We looked around. There were only two other sailboats out. Both were far away yet. We tried to make ourselves comfortable while we waited. The boat sank a little more, but we managed to stay half out of the water. Luckily it wasn’t cold—double lucky for me because I had on a wet suit.
Finally Heinz sailed by and promised to send some help. He was carrying two inexperienced sailors so he couldn’t do much right then.
He must have been our good luck talisman, because suddenly things started going our way. Three men in a Mexican Ponga boat showed up next. Brian talked to them. They didn’t seem to understand English, but knew exactly what to do. They maneuvered their fishing boat up to the Prindle’s mast, got under it, and motored down the length of it, pushing it up and over. Yippee! The catamaran was righted and sitting on the water again. We thanked the fishermen profusely. They smiled and we all waved to each other as they disappeared.

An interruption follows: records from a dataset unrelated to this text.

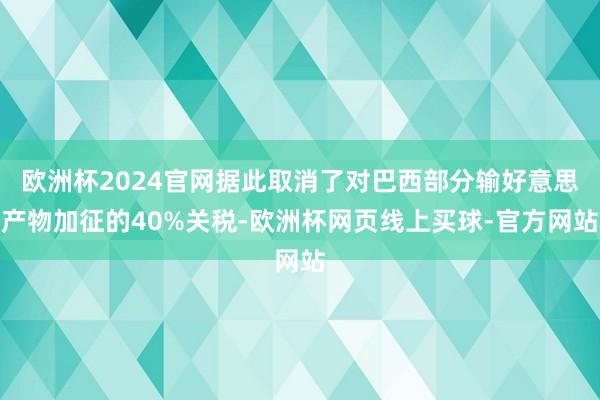 欧洲杯2024官网据此取消了对巴西部分输好意思产物加征的40%关税-欧洲杯网页线上买球-官方网站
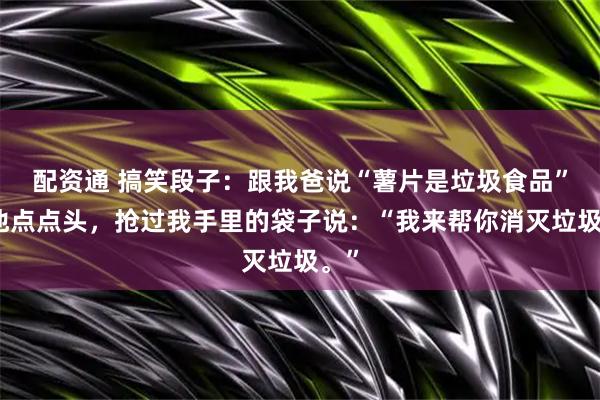 配资通 搞笑段子：跟我爸说“薯片是垃圾食品”，他点点头，抢过我手里的袋子说：“我来帮你消灭垃圾。”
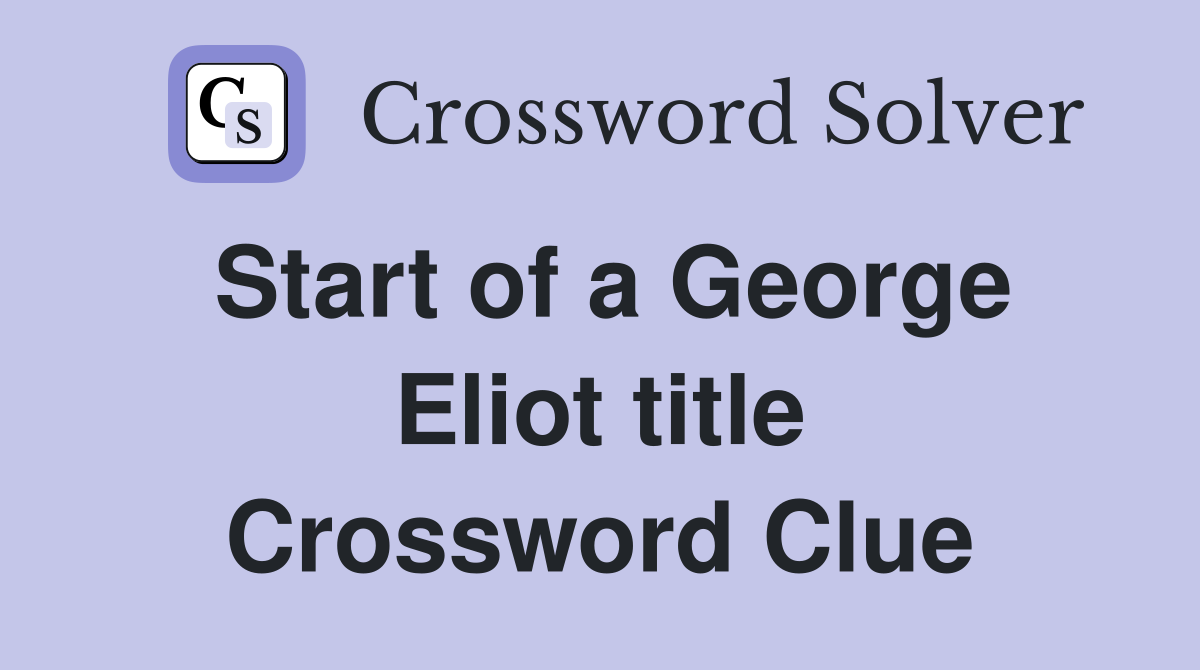Start of a George Eliot title Crossword Clue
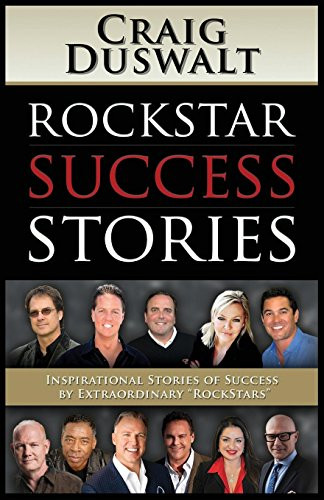 RockStar Success Stories (Inspirational Stories of Success by Extraordinary "RockStars") by Craig Duswalt, 9781630479213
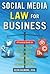 Social Media Law for Business: A Practical Guide for Using Facebook, Twitter, Google +, and Blogs Without Stepping on Legal Land Mines: A Practical Guide ... Blogs Without Stepping on Legal Landmines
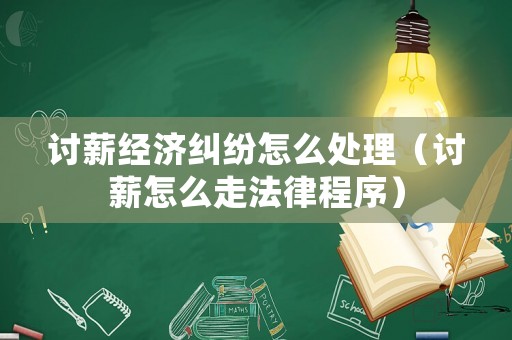 討薪經(jīng)濟(jì)糾紛怎么處理（討薪怎么走法律程序）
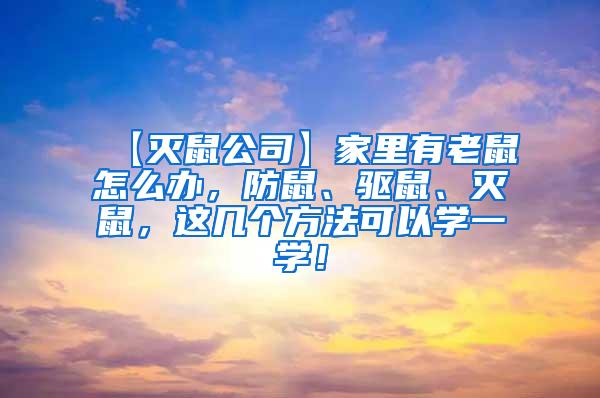 【滅鼠公司】家里有老鼠怎么辦，防鼠、驅(qū)鼠、滅鼠，這幾個方法可以學(xué)一學(xué)！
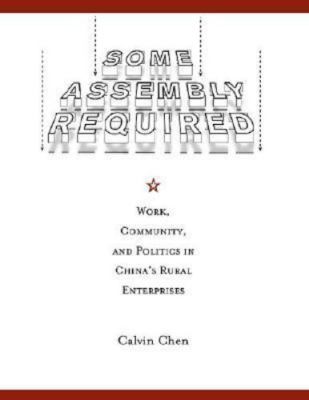 Some Assembly Required: Work, Community, and Politics in China's Rural...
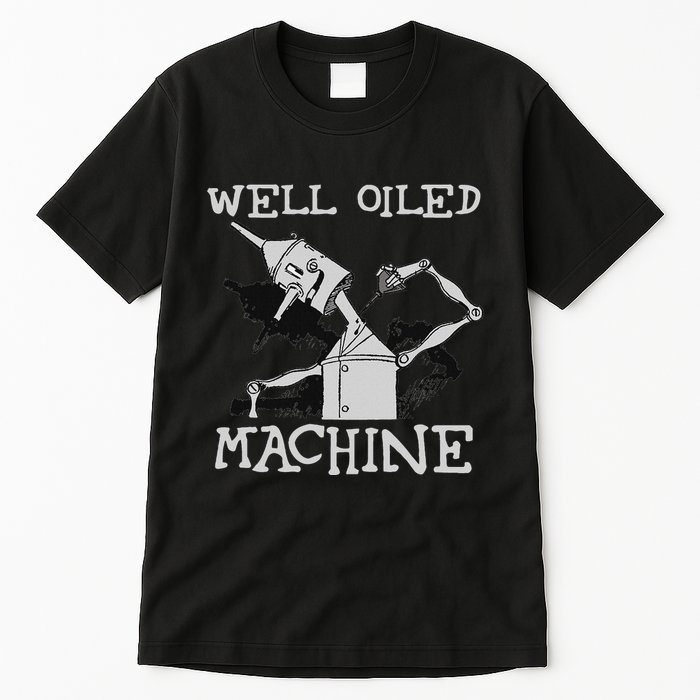 Tin Man Art Well Oiled Machine Retro Wizard Of Oz Tall T-Shirt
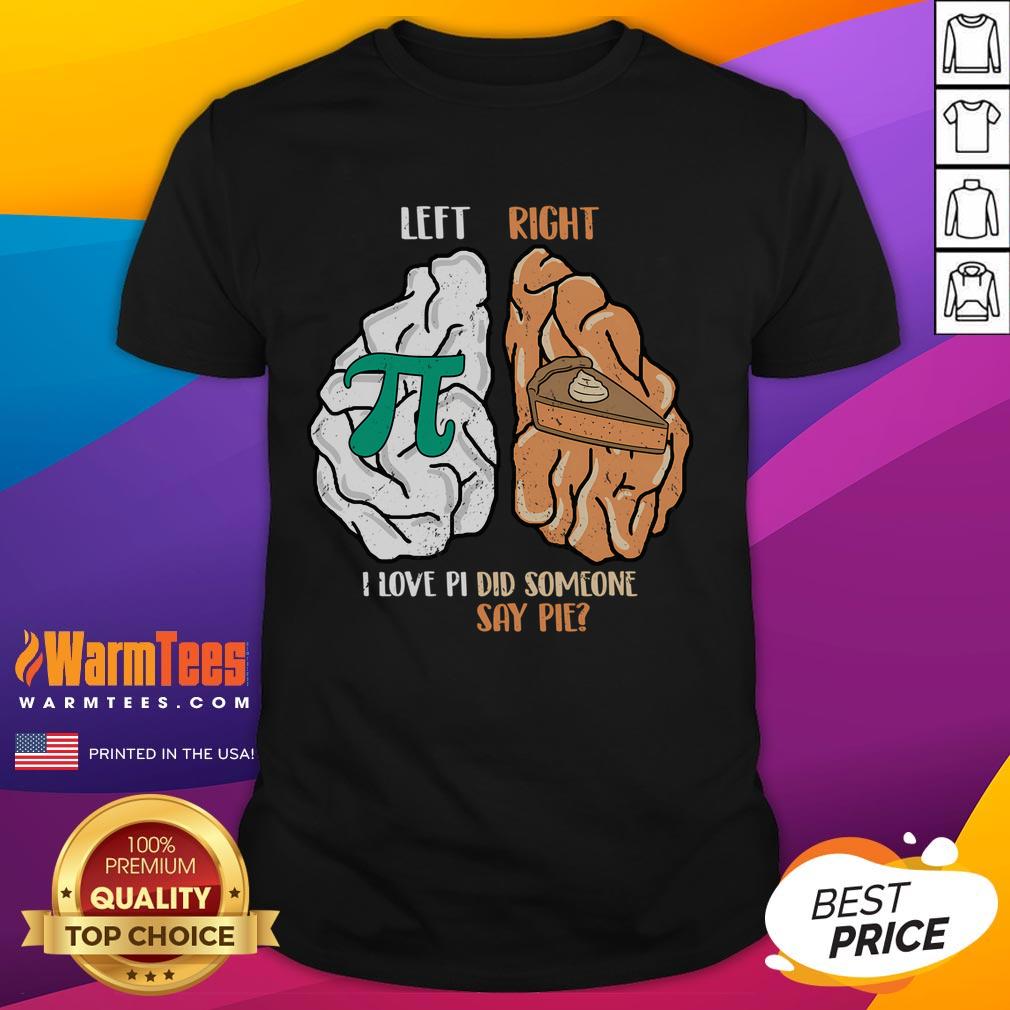 Funny Left Brain Pi Right Pie Math T-Shirt featuring humorous math graphics perfect for math lovers and teachers.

Next came Clyde and Paul on Clyde’s 18-foot Prindle. It was decided that I would go with Paul and Clyde on their boat (they had to beach me like a whale because my arms were so tired from hanging from the hull, I couldn’t pull myself up) and Brian would stay with his boat. We all sailed to the closest shore. Once there we pulled out the drain plugs and let the water flow out. When it slowed we hoisted the front hulls over our heads and let them drain some more.
Didn’t know those hulls would fill three-quarters to the top and still float. Lucky for us.
When the hulls were nearly empty of liquid we immediately reinserted the drain plugs and, like good sailors, got back on the boat and headed out to sea again—after thanking our rescuers, a lot.
The moral of the story? Oh, yeah, of course the drain plugs—that’s a given. Nope, the real moral of the story is, No Man Is An Island, or, You Gotta Have Friends. Isn’t that a song?